§ WORK INSTRUCTIONS
From the entries below, return exactly the lines beginning at the one that contains "FS55708K Faurecia Катализатор" and ending at the one that contains "RURA RURKA INTERCOOLERA", both of them included, and only those lines.

§ PROVIDED RECORDS
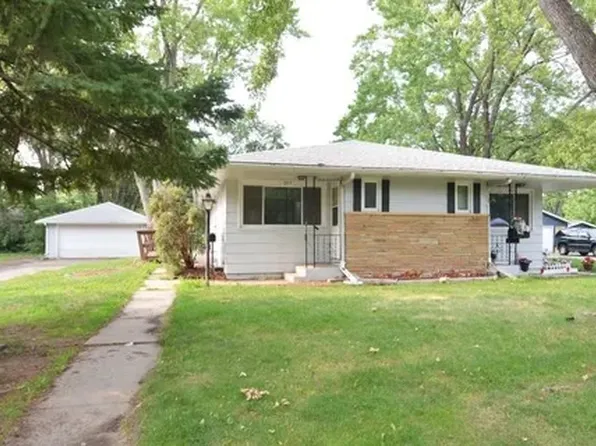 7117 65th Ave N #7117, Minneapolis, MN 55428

--

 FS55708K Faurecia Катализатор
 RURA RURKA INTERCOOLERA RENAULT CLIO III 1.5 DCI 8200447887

§ RESPONSE TO THIS TASK
 FS55708K Faurecia Катализатор
 RURA RURKA INTERCOOLERA RENAULT CLIO III 1.5 DCI 8200447887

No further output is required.